計画的なアップグレードとしてのフォークは、むしろセキュリティの向上を目的として実施されることが多いです。ただし、対立によるハードフォークの場合、ハッシュレート(マイニングパワー)が2つのチェーンに分散するため、各チェーンのセキュリティが一時的に低下する可能性はあります。ビットコインの場合、主要チェーン(BTC)にハッシュレートの大部分が残ったため、実質的なセキュリティへの影響は限定的でした。
Q3. ソフトフォークで新しい暗号資産が誕生することはありますか?
通常、ソフトフォークではチェーンが分裂しないため、新しい暗号資産は誕生しません。ソフトフォークは後方互換性を持つ変更であるため、アップグレードしていないノードも同じチェーン上で動作し続けることができます。チェーンの分裂と新トークンの誕生は、ハードフォーク特有の現象です。

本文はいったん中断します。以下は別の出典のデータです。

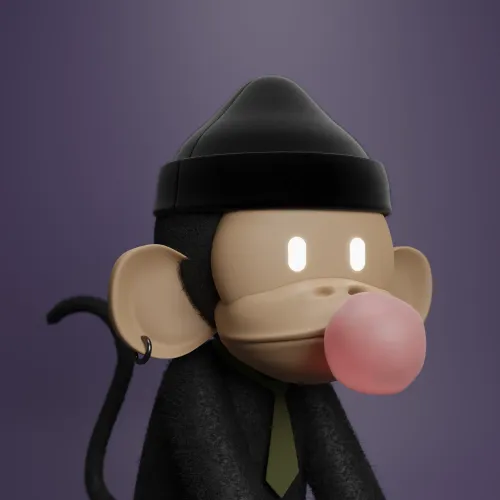 Monke #5345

Q4. イーサリアムのアップグレードは今後もフォーク形式で行われますか?
はい、イーサリアムのロードマップに含まれる今後のアップグレードも、ハードフォーク形式で実施される見込みです。ただし、これらはコミュニティの広い合意に基づいて計画的に行われるため、チェーンの分裂は想定されていません。イーサリアムの開発チームは、十分なテストと合意形成のプロセスを経てからアップグレードを実施する方針を取っています。

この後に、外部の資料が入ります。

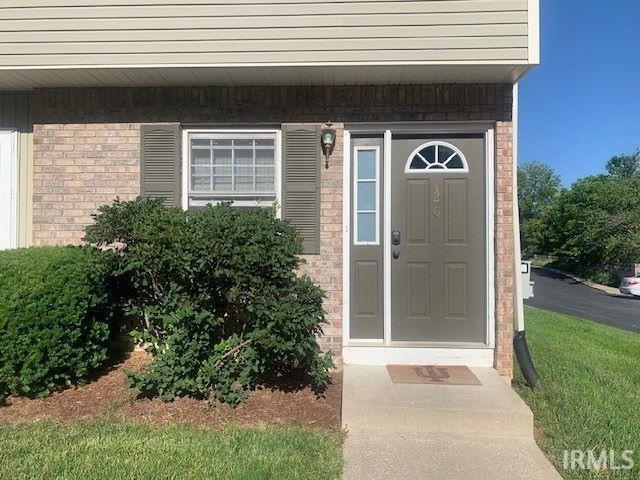Primary Photo - 720 E Sherwood Hills Dr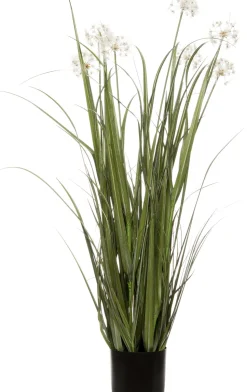 Intratuin Kunstpflanze Pampasgras D 57 cm H 120 cm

Q5. フォークが近い暗号資産は買いですか?売りですか?
フォークに伴う価格変動は予測が困難であり、一概に「買い」や「売り」と判断することはできません。過去の事例では「フォーク前に期待で上昇、フォーク後に事実売り」というパターンが見られることもありましたが、必ずしもすべてのケースに当てはまるわけではありません。フォークに関する投資判断は、フォークの性質、市場全体の動向、ご自身のリスク許容度を総合的に考慮した上で行ってください。

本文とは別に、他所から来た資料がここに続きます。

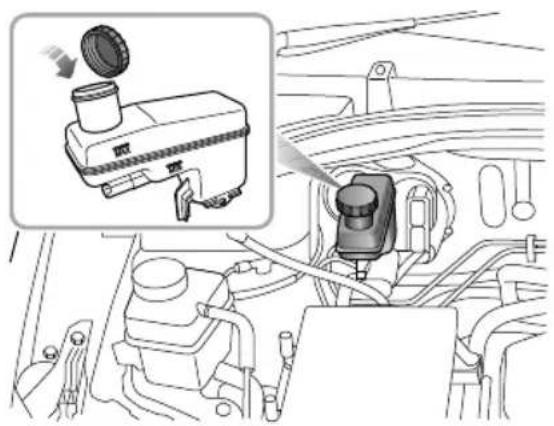 MG 5 EV (2020) - MAINTENANCE - 1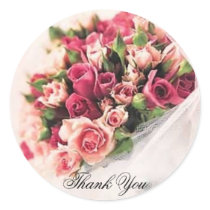 Roses Bouquet Sticker by elenaind Roses Bouquet Sticker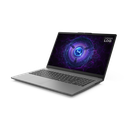 Lenovo LOQ 15IAX9E 15.6" FHD 144Hz Core™ i5-12450HX 512GB SSD 8GB W11 NVIDIA® RTX 3050 6GB GRAY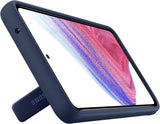 Samsung Galaxy A53 5G Protective Standing Cover Navy - EF-RA536CNEGWW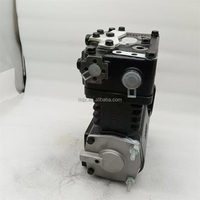 Compresseur de frein à air pour moteurs C10, C12, C15, C16, C18 (référence 131-6679, 1316679) – Pièce de rechange pour excavatrices 3406E, 3176C, 406E, 3176C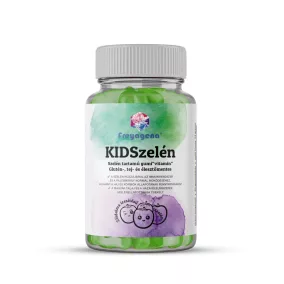 Freyagena kidszelén gumitabletta 60 db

Q6. ビットコインキャッシュはビットコインより優れているのですか?
ビットコインキャッシュは大きなブロックサイズを採用し、低い手数料でのオンチェーン決済を重視しています。一方、ビットコインはブロックサイズを小さく保ちつつ、ライトニングネットワークなどのL2でスケーリングするアプローチを取っています。どちらが「優れている」かは、価値保存手段としての堅牢性を重視するか、日常決済手段としての利便性を重視するかによって評価が異なります。市場の評価としては、時価総額の差が示す通り、ビットコイン(BTC)のアプローチが広く支持されている状況です。
※本記事は情報提供を目的としており、投資を推奨するものではありません。暗号資産への投資は元本割れのリスクがあります。投資判断はご自身の責任で行ってください。